Złoty piasek, szum morza i palmy uginające się lekko pod ciężarem dojrzałych kokosów… Tropikalna wyspa dla jednych będzie miejscem na wymarzony wakacyjny odpoczynek, a dla innych idealną lokalizacją do ukrycia skarbu! Pod tym względem kapitan Długi John Silver zachował się dość sztampowo, ukrywając skrzynię pełną bogactw właśnie w takim, raczej oczywistym miejscu. Wyspa jest jednak duża i pełna zakamarków, a jej przeszukanie zajęłoby wiele miesięcy.
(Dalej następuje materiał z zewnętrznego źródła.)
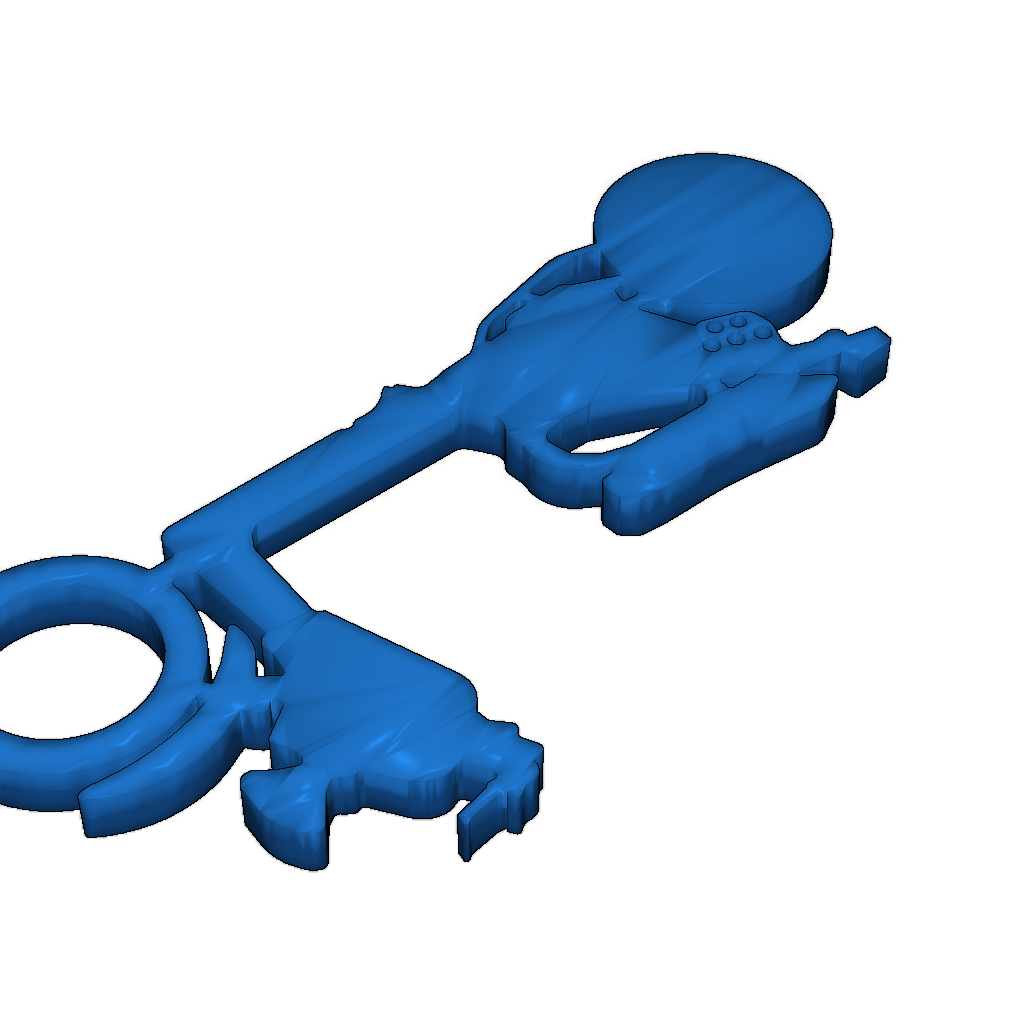 Простой брелок ключей Honda Ruckus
Zmyślni piraci postanowili więc skrócić sobie drogę i uwięzić, a następnie przesłuchać jedyną osobę, która zna dokładną lokalizację skarbu – własnego kapitana.

W grze Wyspa Skarbów: Złoto Johna Silvera uczestnicy wcielają się w asymetryczne role: uwięzionego kapitana oraz żądnych bogactw członków załogi. Każdy z nas ma ten sam cel – dotrzeć do skarbu zanim zrobią to pozostali.


Wskazówki czy zmyłki?

Podczas tej zabawy wszystko kręci się wokół wskazówek. John Silver zmuszony jest udzielać ich pozostałym piratom (w końcu jest więziony i przesłuchiwany), a ci z kolei muszą skupić się na analizowaniu tego, co usłyszeli, by jak najszybciej dotrzeć do ukrytej skrzyni. Każdy z uczestników chowa za specjalną zasłonką własną mapę, na której może zaznaczać wszystkie informacje, by ułatwić sobie planowanie kolejnych ruchów.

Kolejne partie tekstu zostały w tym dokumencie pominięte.